Google and Mozilla have built the media services and codecs into their respective browsers, so no downloads or plugins are necessary. At this time, these two browsers represent more than 1 billion enabled end-points. If Internet Explorer and Safari support is necessary for your Mayday implementation, then they can be supported by Flash; although, at a much higher price.
WebRTC uses web servers as directory/signaling servers, and content (audio/video) is supported by media services. (More about media services later.) What this means is that audio and video sessions do not traverse the Web server's backplane or network connection. Also, in this architecture, audio and video are IP-based and they do not traverse the public switched telephone network (PSTN). This makes the monthly recurring charges an order of magnitude less expensive than the PSTN.
WebRTC also supports native iOS and Android implementations without the need for a browser. Windows and OS X "clients" are also available. These interfaces can share the Mayday infrastructure, and security is supported by end-to-end encryption. Further, WebRTC signaling and transports are subject to Interactive Connectivity Establishment (ICE), so this is not your father's gateway. These topics will be covered in a subsequent post.
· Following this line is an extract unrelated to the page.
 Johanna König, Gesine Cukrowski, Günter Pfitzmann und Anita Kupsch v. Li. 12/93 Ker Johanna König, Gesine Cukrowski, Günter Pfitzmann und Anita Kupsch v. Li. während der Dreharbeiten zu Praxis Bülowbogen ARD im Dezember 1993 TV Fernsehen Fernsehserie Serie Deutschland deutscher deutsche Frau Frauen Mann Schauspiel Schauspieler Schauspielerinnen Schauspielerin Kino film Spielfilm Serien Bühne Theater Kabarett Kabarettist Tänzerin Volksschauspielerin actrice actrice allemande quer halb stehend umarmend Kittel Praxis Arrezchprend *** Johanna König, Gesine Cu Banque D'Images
Legacy integration is achieved most easily by using the media services that are built into most commercially available session border controllers (SBC). Some manufacturers offer software-only upgrades, while some require software and hardware. If you have SIP trunks in your network, then you have an SBC somewhere. If your SBC manufacturer is not up to the task, then there are several cloud services available that can deliver WebRTC sessions to your contact center via a SIP trunk to your existing SBC
Whether you convert the WebRTC sessions to SIP trunks at your SBC or in the cloud, they arrive on your contact center platform the same way that PSTN calls do. What this means is that these calls can follow the same routing rules that are defined in the call center.
The added benefit is that calls which would usually receive IVR treatment in order to determine their route no longer need it. That is, of course, if you use logic on the website links that mimic the IVR routes. In other words, if the caller clicks the Mayday button on the mortgage page on the website, then they go to the mortgage queue. Further, if the customer authenticates on the website, then IVR authentication is not necessary because you only make Mayday available to already-authenticated users.
Now that the calls are connected to the correct agent, triggering the video is a simple exercise in CTI mapping. In other words, you now know the IP addresses of the customer and the agent's PC, so triggering the video is straightforward and logical. If all you need is audio, then you can forgo the CTI.
Effectively, implementation of Mayday, audio only, is little more complicated than plugging in a SIP trunk. Video is more complex, but no more than a simple screen pop. The added benefits are the ability to substantially reduce customer effort, decrease handle time, eliminate the need for IVR, and reduce PSTN recurring costs. Further, this opens the door to higher-level functions like micro-targeting, screen sharing, push-video and co-browsing without the need for a download or plugin.